Key Action: Report or Delete Suspicious Messages
Text messages
- If you receive a suspicious text message on a work-issued device, contact the Service Desk.
UCSF IT Service Desk – Available 24/7
Phone: 415-514-4100
Web: http://help.ucsf.edu
Email: [email protected]
- If you receive a suspicious text message on a personal device, use available features within your messaging application to report the text, or simply delete it without engaging.
Emails
- Report ANY suspicious emails you receive at work using the Phish Alarm button in your email menu bar.
- If you receive a suspicious email in a personal inbox, use available features within your application to report the message as spam or malicious, or simply delete the email without engaging.
Tips to Remember (at Work and at Home)
- Avoid engaging with unexpected shopping- and shipping-themed messages. Do not click links or call phone numbers included in unsolicited or unusual emails or text messages. If you want to confirm a claim or offer, go directly to a legitimate source. For example, key in the URL of a retailer’s website, log into an account via a trusted app, or call a known contact number.

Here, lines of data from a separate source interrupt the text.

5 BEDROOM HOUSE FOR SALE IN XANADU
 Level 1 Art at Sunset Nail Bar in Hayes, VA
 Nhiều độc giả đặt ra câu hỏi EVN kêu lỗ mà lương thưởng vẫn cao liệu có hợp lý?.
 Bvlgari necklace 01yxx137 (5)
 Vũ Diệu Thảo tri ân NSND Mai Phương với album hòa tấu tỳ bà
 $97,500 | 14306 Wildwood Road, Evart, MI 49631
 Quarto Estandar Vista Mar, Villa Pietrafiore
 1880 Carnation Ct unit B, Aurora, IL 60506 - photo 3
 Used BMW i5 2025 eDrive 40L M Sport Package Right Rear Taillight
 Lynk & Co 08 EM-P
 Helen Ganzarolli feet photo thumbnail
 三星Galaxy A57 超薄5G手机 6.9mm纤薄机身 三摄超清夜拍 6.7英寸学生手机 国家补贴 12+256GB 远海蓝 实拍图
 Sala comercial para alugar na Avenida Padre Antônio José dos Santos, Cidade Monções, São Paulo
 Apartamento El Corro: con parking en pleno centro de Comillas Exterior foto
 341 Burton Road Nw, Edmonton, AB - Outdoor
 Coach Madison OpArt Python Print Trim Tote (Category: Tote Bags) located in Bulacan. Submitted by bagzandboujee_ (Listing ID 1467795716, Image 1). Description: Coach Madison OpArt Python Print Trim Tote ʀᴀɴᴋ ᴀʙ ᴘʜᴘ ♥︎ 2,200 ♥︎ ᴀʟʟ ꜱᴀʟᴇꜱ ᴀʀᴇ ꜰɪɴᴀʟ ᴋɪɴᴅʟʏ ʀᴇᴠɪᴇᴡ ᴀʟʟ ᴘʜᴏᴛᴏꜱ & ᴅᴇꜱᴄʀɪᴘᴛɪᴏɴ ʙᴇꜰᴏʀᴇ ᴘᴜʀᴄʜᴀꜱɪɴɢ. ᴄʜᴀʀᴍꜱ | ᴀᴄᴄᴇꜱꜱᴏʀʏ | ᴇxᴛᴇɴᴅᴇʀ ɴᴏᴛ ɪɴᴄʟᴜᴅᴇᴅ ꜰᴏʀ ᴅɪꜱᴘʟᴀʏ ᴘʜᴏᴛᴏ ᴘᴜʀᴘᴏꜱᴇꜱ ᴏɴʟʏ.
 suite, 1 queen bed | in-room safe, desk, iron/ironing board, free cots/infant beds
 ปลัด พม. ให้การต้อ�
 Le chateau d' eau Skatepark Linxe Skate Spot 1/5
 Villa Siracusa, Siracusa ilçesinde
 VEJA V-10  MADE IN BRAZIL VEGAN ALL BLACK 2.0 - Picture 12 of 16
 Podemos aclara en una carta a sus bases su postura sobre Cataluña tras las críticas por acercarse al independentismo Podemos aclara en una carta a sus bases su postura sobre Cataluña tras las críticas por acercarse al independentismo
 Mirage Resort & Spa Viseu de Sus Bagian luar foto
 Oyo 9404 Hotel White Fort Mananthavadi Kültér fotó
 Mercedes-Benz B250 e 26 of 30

- Don’t be tricked by imposters. Attackers often use familiar brand names, logos, images, and other impersonation tactics in their communications. These aren’t signs that a message is safe.
- Remain alert to emotional manipulation. It’s common for attackers to promise access to amazing, limited-time deals, or to make people afraid that a shipment or gift won’t be delivered. They do this to trick people into acting in haste, based on an emotional response.
- Think beyond email and text messages. Attackers use all available channels during the holiday shopping season. That means you could see similar tactics being used on social media, lookalike websites, printed materials, and malicious and misleading ads.